Читать книгу African-Language Literatures - Innocentia Jabulisile Mhlambi - Страница 7
Limits of the field
ОглавлениеAfrican-language literatures cover a wide range of black South African literatures in different languages; Khoi and San languages and literatures (which have been precluded and remain excluded in formal studies of African-language literatures), isiZulu, isiXhosa, isiNdebele, SiSwati, Sesotho, Sepedi, Setswana, Xitsonga and Tshivenda. Each of these language categories has its own, but not necessarily distinct, language-bound literary system: a structure which follows the apartheid policy of separate development. The paralysing effect of this arrangement is that African-language literatures remain incapable of realising themselves as, or of achieving a status of, pan-ethnic or national literature. These literatures have been overtaken in this regard by various popular art forms such as music, theatre, film and television which were initially conceptualised within a discourse of control under apartheid but have since outstripped these constricting boundaries to articulate an inclusively popular African culture.
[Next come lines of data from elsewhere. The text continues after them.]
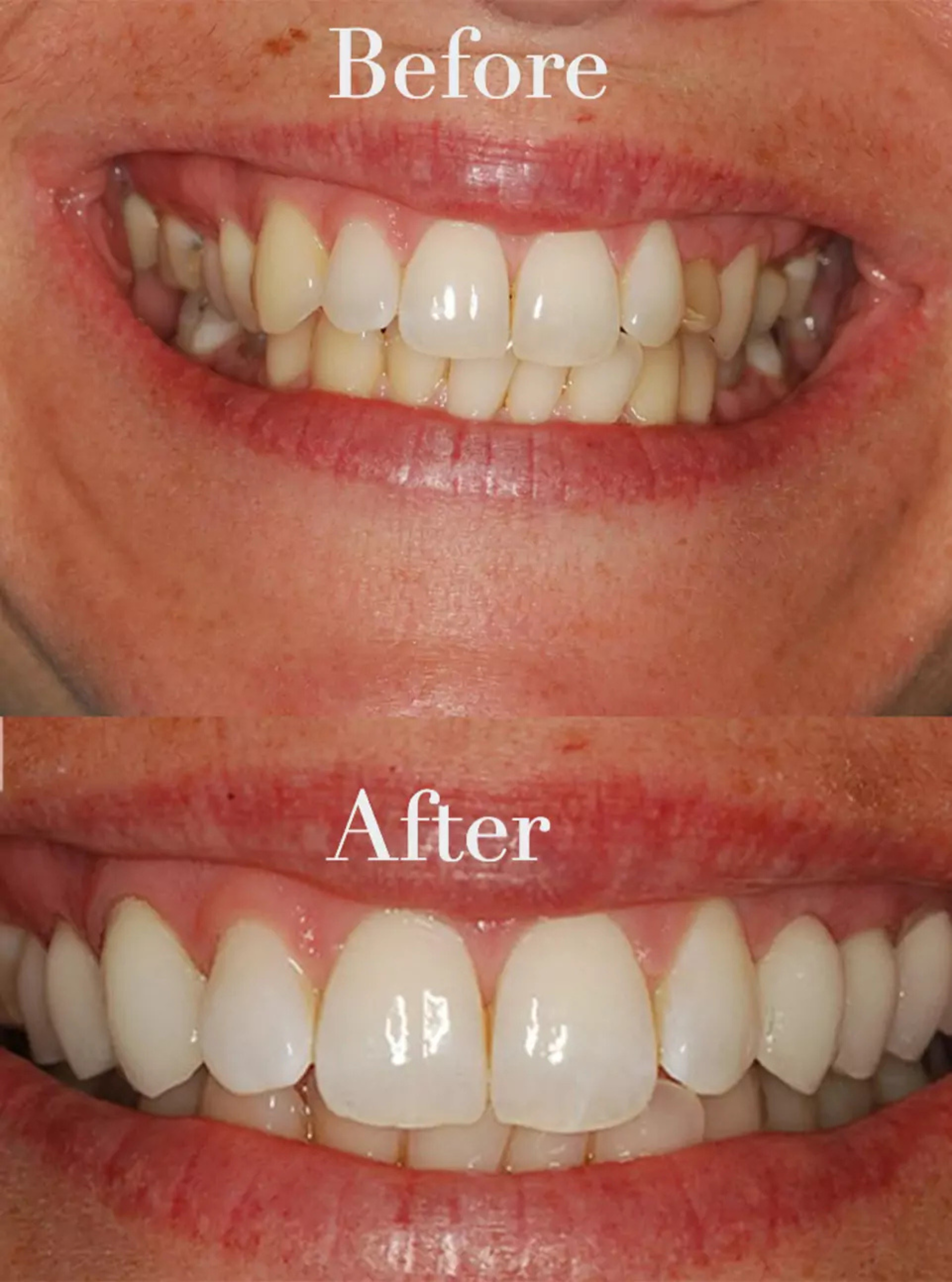 Discolored teeth correction before and after case 4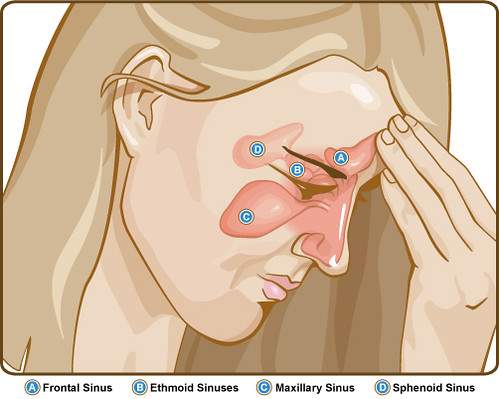Nose & Paranasal Sinuses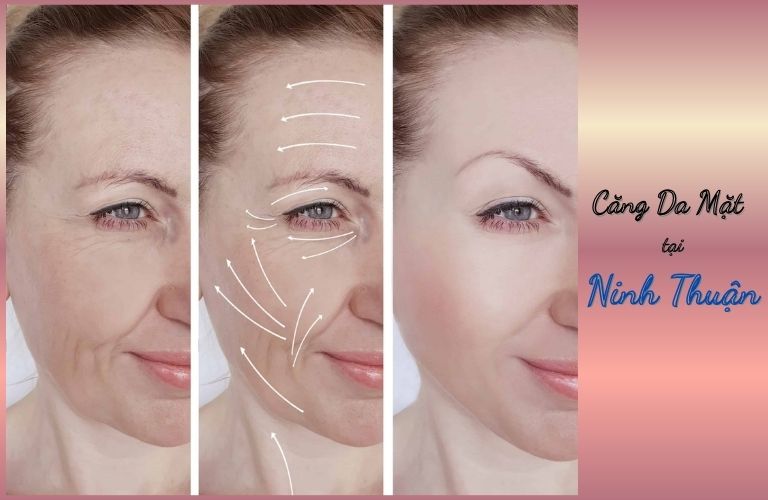  5 Địa chỉ căng da mặt tại Ninh Thuận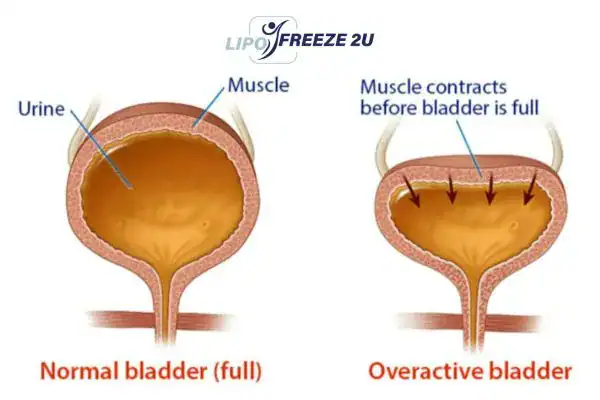 diagram of overactive bladder treatment Old Trafford
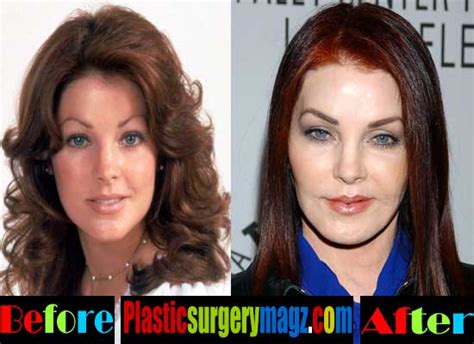 Priscilla Presley Plastic Surgery Disaster | | Plastic Surgery Magazine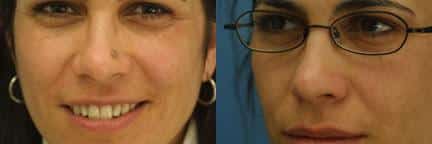 Lesion removal on the nose by Dr. Miller. After treatment, brown spot on side of nose is completely gone.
Yet, in profound ways, these African-language literatures represent the truest and most uninterrupted forms of black expressive art in South Africa. The processes developed for the production of these literatures from their conceptualisation, writing, the feedback systems authors established and the discourse drawn on are wholly and unabashedly African. This contrasts with the production of theatre, music and television where there is often collaboration between different races, with the problems attendant on that, as well as those caused by the politics of production. In the production of African-language literatures only the publishing sector represents interests outside African cultural interests. However, this sector still remains the major contributor to the low status and negative perceptions suffered by this literary tradition (Evans and Seeber, 2000).
This brief description of the broad spectrum covered by the African-language literatures field indicates that, within the confines of this book, it is impractical for an in-depth analysis of art forms comprising all the different language literatures embraced by this term. Therefore this book will concentrate mainly on isiZulu-language literature and black television dramas as microcosmic reflections of the imperatives encapsulated in the popular discourse of Africans, despite ethnic and linguistic differences. These art forms further provide a fascinating terrain in which extra-textuality, dynamism, multivocality and the interaction of genres operating within particular contexts can be examined.
The isiZulu language as medium of communication between various ethnicities adequately reflects the multi-layered concerns and issues prevailing in the popular imagination compared to other South African indigenous languages. Out of the 50 million legal and illegal citizens comprising the South African population, indigenous South African languages are spoken by almost 77 per cent of the population. The other 23 per cent comprise speakers of English, Afrikaans, a number of minor languages such as modern European, Indian and a host of other foreign African languages that have come to add to the linguistic mix of South Africa’s post-apartheid society (Kamwangamalu, 2004). The isiZulu language is spoken by approximately 15 million people in its heartland which is KwaZulu-Natal. It also dominates the linguistic terrain of Africans in the Gauteng province, South Africa’s economic hub, and it is spoken fairly widely in other major provinces such as Mpumalanga, the Eastern Cape and in some parts of the Free State, especially in areas bordering Zululand (Pansalb, 2000). As most black South Africans are bilingual or multilingual, isiZulu is one of the languages often spoken by them. The dominance of this language is attributed to a number of social variables that characterised the pre-colonial, colonial and the apartheid periods. The isiZulu language is also part of the Nguni family and therefore has mutual intelligibility with isiXhosa, isiNdebele and SiSwati. Furthermore, intermarriages between differing ethnicities, migrant labour, and the historical displacement of Zulu people through the Mfecane wars in pre-colonial times spread this language variety across a wide terrain. Its varieties, namely Zimbabwean Ndebele and Ngoni, are spoken respectively in Zimbabwe and in some parts of Malawi.